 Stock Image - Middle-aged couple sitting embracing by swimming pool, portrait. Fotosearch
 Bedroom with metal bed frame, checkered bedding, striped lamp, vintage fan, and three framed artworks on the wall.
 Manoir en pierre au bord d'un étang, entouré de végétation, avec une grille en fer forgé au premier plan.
■ ■ ■ ■ ■ ■ ■
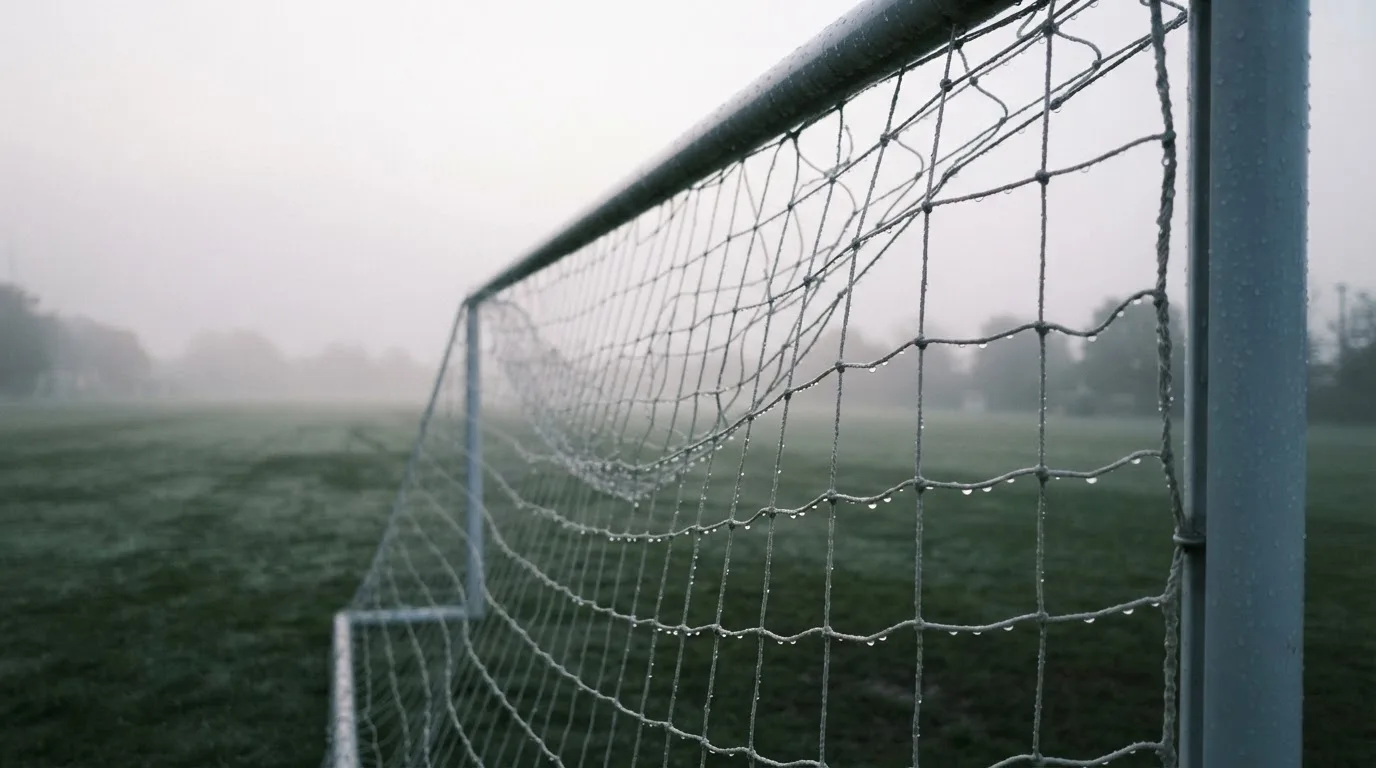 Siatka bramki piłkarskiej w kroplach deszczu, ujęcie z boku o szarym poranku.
■ ■ ■ ■ ■ ■ ■
- **Problem description**
Please copy the lines in the records above between the one holding "Stock Image - Middle-aged" and the one holding "Manoir en pierre", inclusive, exactly and with no other line.

- **Finished task**
 Stock Image - Middle-aged couple sitting embracing by swimming pool, portrait. Fotosearch
 Bedroom with metal bed frame, checkered bedding, striped lamp, vintage fan, and three framed artworks on the wall.
 Manoir en pierre au bord d'un étang, entouré de végétation, avec une grille en fer forgé au premier plan.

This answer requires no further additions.